(WORK ORDER)
Repeat exactly, and only, the lines of the entries below from the one with "Bupati Kotim Halikinnor" through the one with "Down Town Spacious", both ends included.

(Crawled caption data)
***

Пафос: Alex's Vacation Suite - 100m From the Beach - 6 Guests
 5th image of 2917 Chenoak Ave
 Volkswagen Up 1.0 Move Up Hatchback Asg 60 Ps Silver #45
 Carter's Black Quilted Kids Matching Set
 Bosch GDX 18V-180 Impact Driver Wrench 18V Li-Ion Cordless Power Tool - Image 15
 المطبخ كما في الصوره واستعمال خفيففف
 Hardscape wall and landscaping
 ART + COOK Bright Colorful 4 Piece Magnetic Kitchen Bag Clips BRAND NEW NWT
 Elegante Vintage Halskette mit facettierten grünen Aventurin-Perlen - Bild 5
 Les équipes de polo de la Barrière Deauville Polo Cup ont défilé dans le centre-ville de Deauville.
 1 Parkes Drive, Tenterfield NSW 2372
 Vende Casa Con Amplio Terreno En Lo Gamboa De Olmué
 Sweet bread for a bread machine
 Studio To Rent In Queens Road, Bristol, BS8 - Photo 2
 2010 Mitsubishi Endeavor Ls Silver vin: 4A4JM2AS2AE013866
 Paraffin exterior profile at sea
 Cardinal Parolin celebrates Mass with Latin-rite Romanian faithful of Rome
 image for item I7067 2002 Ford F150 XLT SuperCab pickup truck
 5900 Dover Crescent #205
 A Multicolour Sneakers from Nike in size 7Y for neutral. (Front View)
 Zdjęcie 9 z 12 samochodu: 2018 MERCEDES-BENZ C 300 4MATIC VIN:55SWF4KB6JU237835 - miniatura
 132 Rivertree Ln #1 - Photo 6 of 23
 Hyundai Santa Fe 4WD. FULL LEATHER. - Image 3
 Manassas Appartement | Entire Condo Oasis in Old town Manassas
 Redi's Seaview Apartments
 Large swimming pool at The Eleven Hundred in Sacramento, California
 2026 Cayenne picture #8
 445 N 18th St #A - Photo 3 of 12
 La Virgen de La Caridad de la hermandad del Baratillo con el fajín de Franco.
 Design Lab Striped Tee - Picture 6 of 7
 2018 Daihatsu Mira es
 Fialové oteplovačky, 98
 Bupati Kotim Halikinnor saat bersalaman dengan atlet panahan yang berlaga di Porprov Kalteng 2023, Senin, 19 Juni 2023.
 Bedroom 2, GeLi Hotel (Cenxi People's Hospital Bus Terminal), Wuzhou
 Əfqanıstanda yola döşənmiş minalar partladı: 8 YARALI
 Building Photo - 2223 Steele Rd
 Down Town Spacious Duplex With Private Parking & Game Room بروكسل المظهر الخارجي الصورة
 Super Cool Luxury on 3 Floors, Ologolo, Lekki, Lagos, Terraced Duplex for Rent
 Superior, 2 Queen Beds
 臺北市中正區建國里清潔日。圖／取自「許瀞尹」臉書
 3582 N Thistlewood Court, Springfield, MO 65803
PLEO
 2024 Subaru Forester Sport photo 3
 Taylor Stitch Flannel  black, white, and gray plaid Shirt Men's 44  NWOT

***

(RESULT OF THIS TASK)
 Bupati Kotim Halikinnor saat bersalaman dengan atlet panahan yang berlaga di Porprov Kalteng 2023, Senin, 19 Juni 2023.
 Bedroom 2, GeLi Hotel (Cenxi People's Hospital Bus Terminal), Wuzhou
 Əfqanıstanda yola döşənmiş minalar partladı: 8 YARALI
 Building Photo - 2223 Steele Rd
 Down Town Spacious Duplex With Private Parking & Game Room بروكسل المظهر الخارجي الصورة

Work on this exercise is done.